Karl Martin, founder and then-CEO of wearable tech startup Nymi. (Chris Young/CP)
Karl Martin recently made an unusual decision for a CEO: he demoted himself.
Martin decided to give up the top role at the company he founded, wearable tech startup Nymi, to become its Chief Technology Officer instead. He makes the move as the company is gearing up for the launch of their first product, the Nymi wristband, to the general public next year. Martin says the company has found its product-market fit for its product—a wristband that authenticates a user’s identity through their electrocardiogram. And Martin decided that he was not the person to manage the company’s next stage of growth.
“The next phase of business is something that a lot of companies really trip up on,” Martin says. “So I would rather focus on the things I’m really good at—product vision and product strategy—and bring in someone who really understands how to scale this business.” Martin led the recruitment effort and appointed John Haggard, former Chief Business Officer at the established IT security firm Yubico, as Nymi’s new CEO. “John’s resume just reads like this guy really understands scaling authentication businesses,” says Martin. “Seeing he has done that at Yubico, a company that has achieved great things, we want him to do the same at Nymi.”
The high tech sector is full of executive shuffles and CEO drama. Dick Costolo, who was promoted from Twitter’s COO to CEO in 2010, was fired in June after investors got fed up with the company’s flailing strategy. Andrew Mason, the founder of Groupon, lost his CEO title in 2013 after failing to meet multiple quarterly earnings expectations. Groupon’s stock price was hovering around one quarter of its listing price right before he left. In his goodbye letter, Mason acknowledged his shortfalls while leading the company and wrote it was time for a fresh CEO. This year, Phil Libin, resigned from his eight year post as the CEO of the popular note-taking app Evernote as the company planned to go public. Libin said he didn’t want to be the CEO of a public company, and said he’s more passionate about working with “small teams of nerds” on “specific actionable things.”
The message seems to be that tech companies are better off keeping the product geniuses away from the CEO post once the business gets to a certain size. The winning strategy, as illustrated by Martin’s case, is to let the business leaders focus on business and the technical masterminds continue refining and innovating new products.

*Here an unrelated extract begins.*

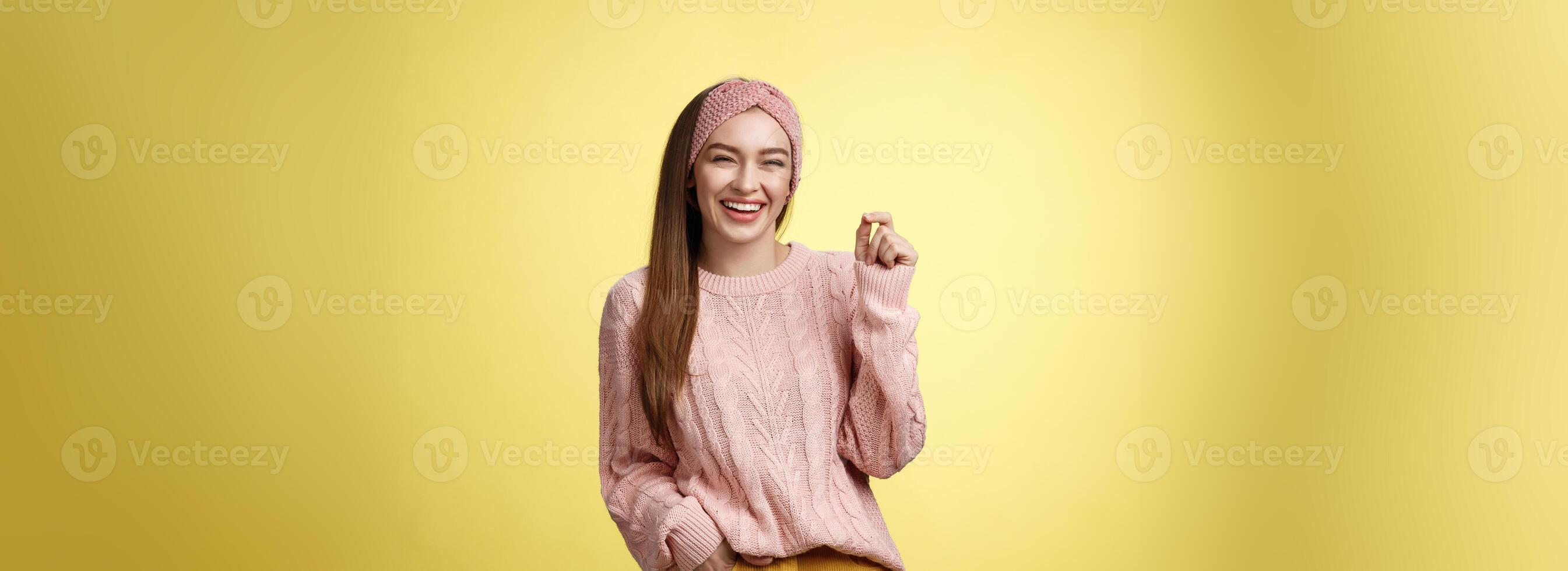 Happy carefree pleasant cute young 20s european girlfriend laughing joyfully, smiling having fun feeling positive, entertained, snap fingers gets what she wants, amused how easily dreams come true photo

Martin’s passion for building things began when he was just a toddler. At first, it was rigging up spring-loaded pull toys, then advanced to designing circuits and robots in school. He says his ultimate goal is to build things people never thought possible. After three degrees in electrical and computer engineering at the University of Toronto, Martin founded Nymi in 2011. The Nymi wristband was the product of six years of research in biometrics, cryptography and security systems.
The job of a CEO required Martin to oversee both the business and product side of things. “But because of my natural tendencies, I would have more focus around the product,” Martin reveals. “As a CEO, you’re responsible across all levels, so you have to manage your time accordingly so you always have a complete picture of everything going on in the company.”
Martin believes the early stages of a startup would benefit from the founder’s leadership. “A lot of technical founders are told you better get a business person in, but the business person doesn’t have that product vision and doesn’t fully understand your business,” he explains. Like many technical CEOs, Martin learned to run a company by actually running it and learning along the way. “I gradually learned,” he says. “You just have to have as much awareness as possible. What do I have to learn now vs. what do I have to put off until later.”
Nymi’s growth has reached a size that Martin just can’t learn fast enough to accomplish the goals he set for himself. He realized it was time to bring a business person in to focus on growing the company and let him return to testing the product: “We want to make sure the Nymi wristband is very user-friendly so people would enjoy using it once it launches.”